→ **Data to process**:
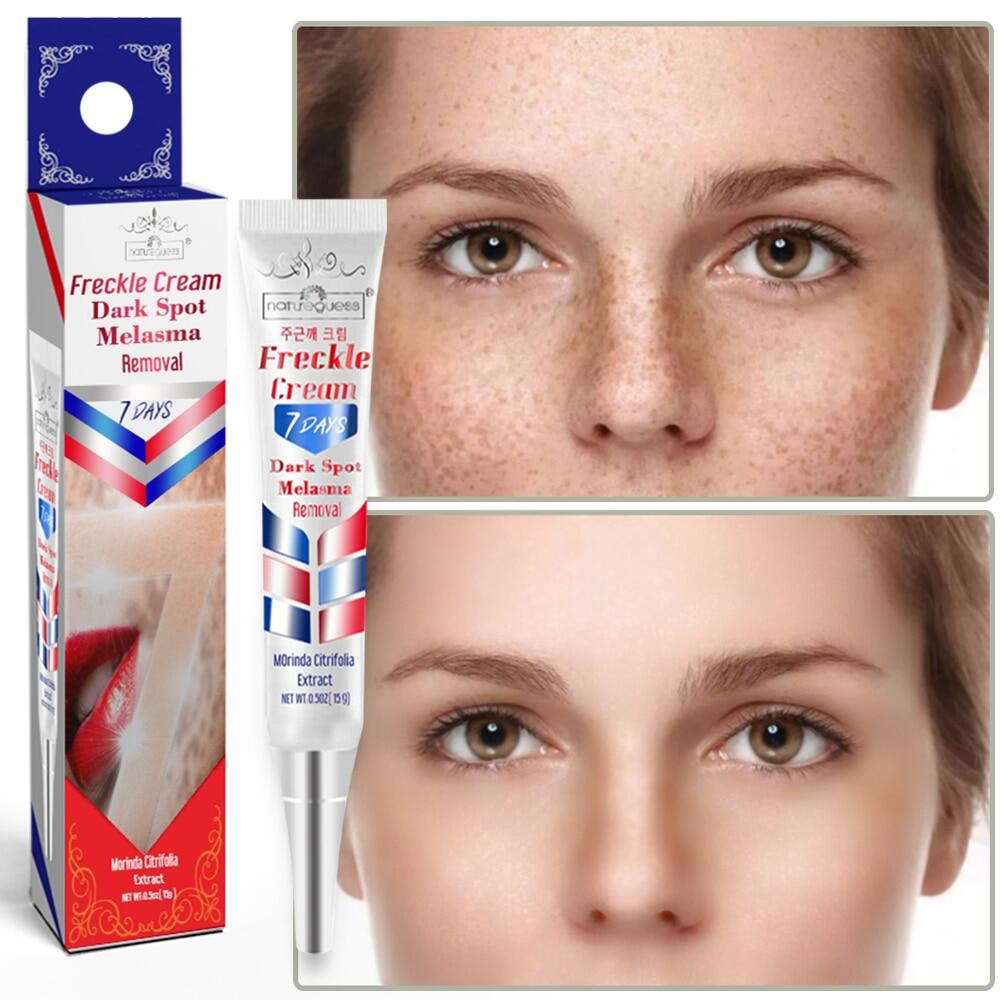 Effective Whitening Freckle Cream Remove Melasma Acne Spot Pigment Melanin Dark Spots Pigmentation Moisturizing Gel Skin Care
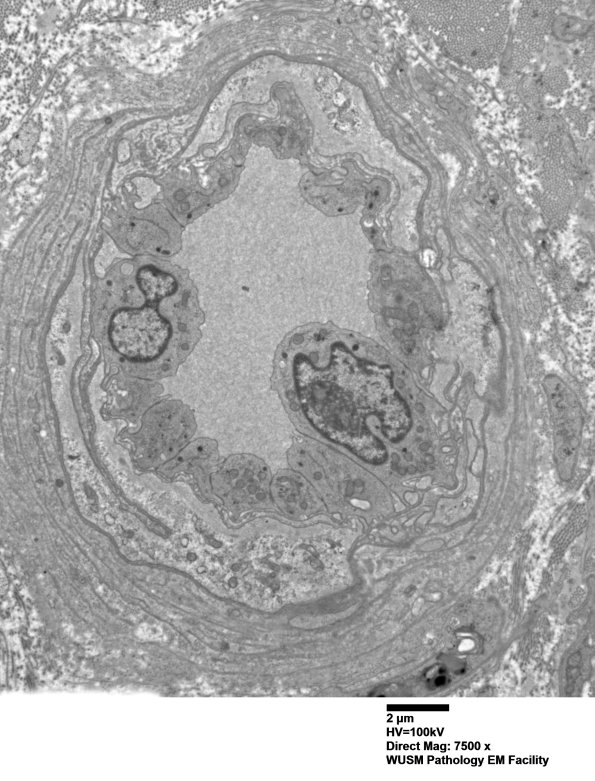 15B3 (Case 15) HIEM EM 006 - Copy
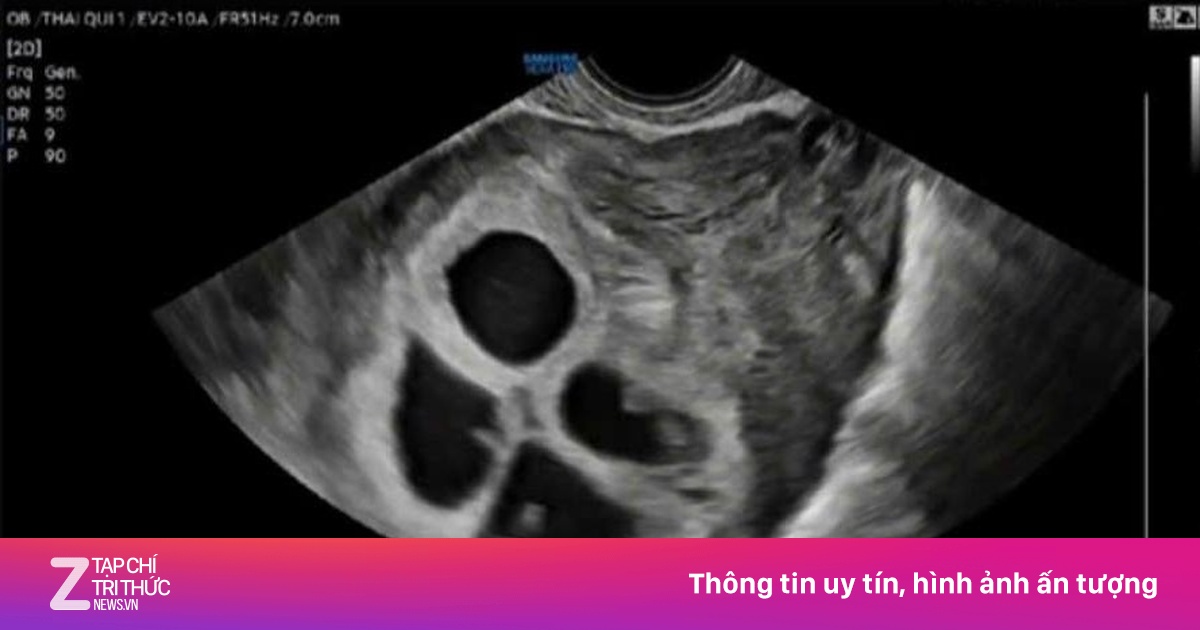 Thai phụ mang tự nhiên 4 thai, tỷ lệ chỉ 1/800.000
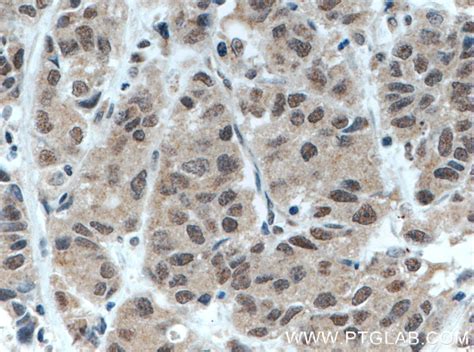 BRD3 antibody (11859-1-AP) | Proteintech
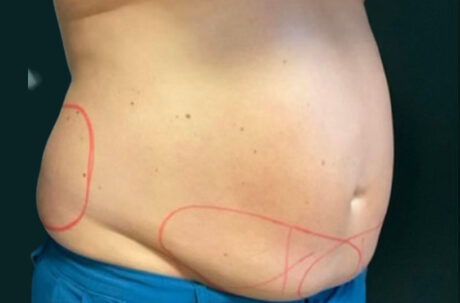 CoolSculpting case #2729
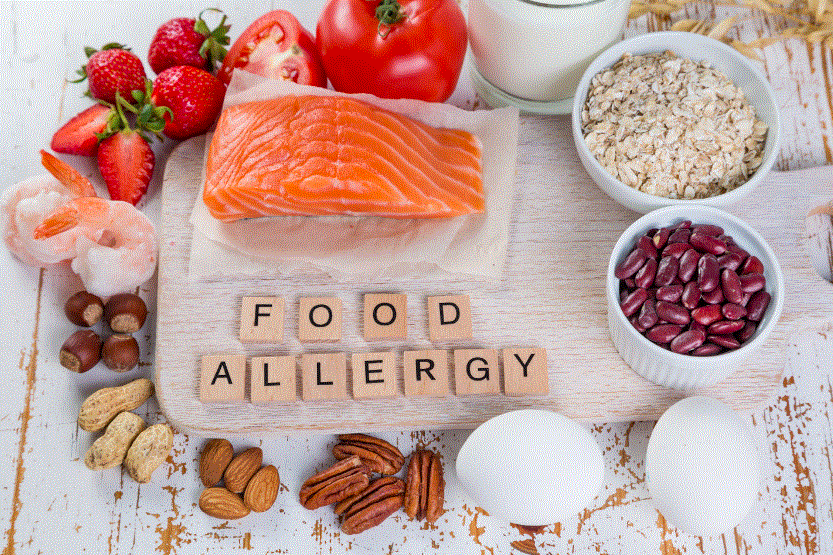 Fundamentals of Food Allergy
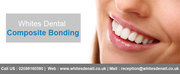 Composite Bonding At Wites Dental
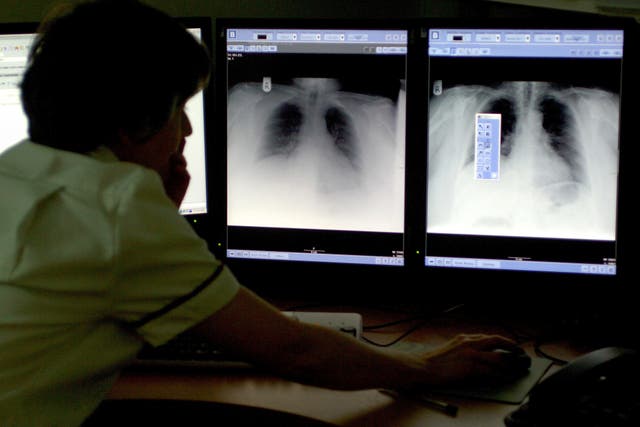 <p>Según la investigación, cerca de 200.000 de los casos de adenocarcinoma diagnosticados en 2022 en el mundo (es decir, el 15 %) se debieron a la contaminación atmosférica</p>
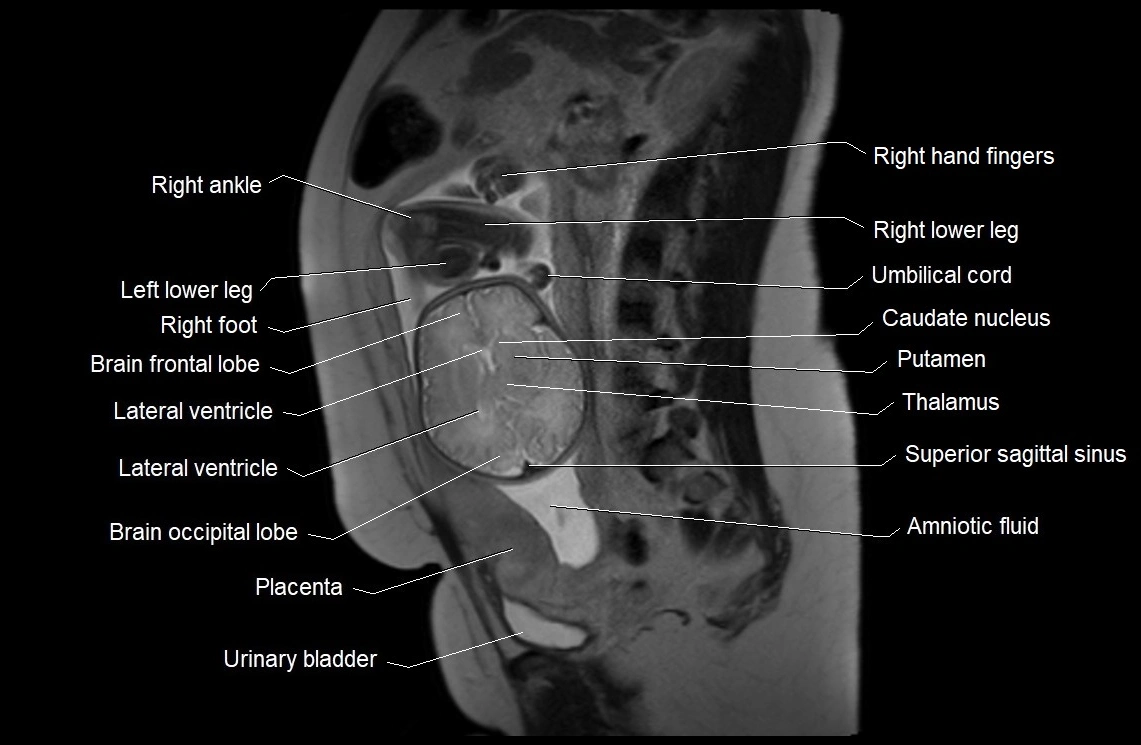 MRI fetal anatomy sagittal image 22.webp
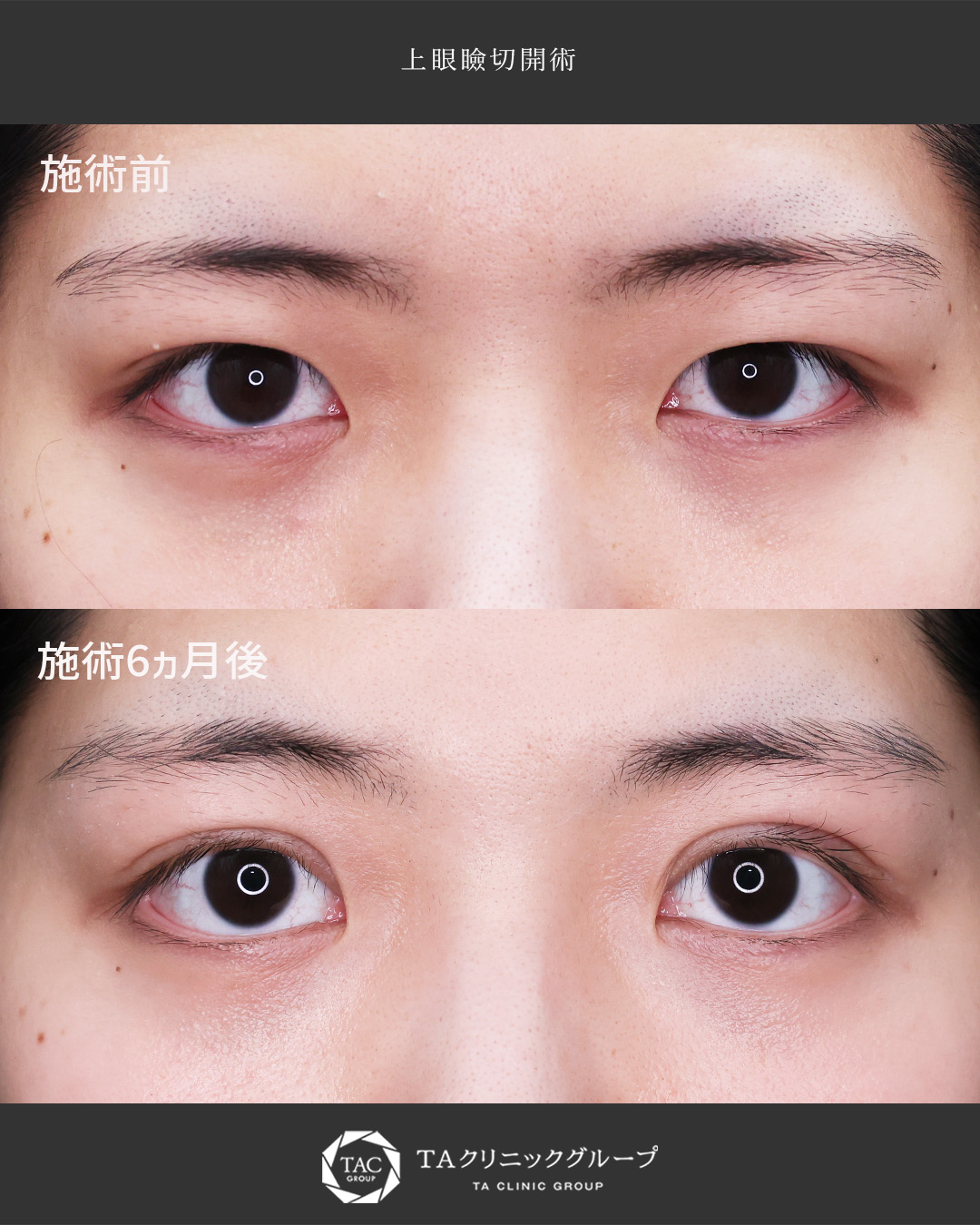 【たるみ除去×二重形成】スッキリ幅広の二重に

→ **What to work on**: Only the lines from the first line of the listing above through the line with "Composite Bonding At Wites Dental" should be set down, exactly and without pictures.

→ **Answer to the exercise**:
 Effective Whitening Freckle Cream Remove Melasma Acne Spot Pigment Melanin Dark Spots Pigmentation Moisturizing Gel Skin Care
 15B3 (Case 15) HIEM EM 006 - Copy
 Thai phụ mang tự nhiên 4 thai, tỷ lệ chỉ 1/800.000
 BRD3 antibody (11859-1-AP) | Proteintech
 CoolSculpting case #2729
 Fundamentals of Food Allergy
 Composite Bonding At Wites Dental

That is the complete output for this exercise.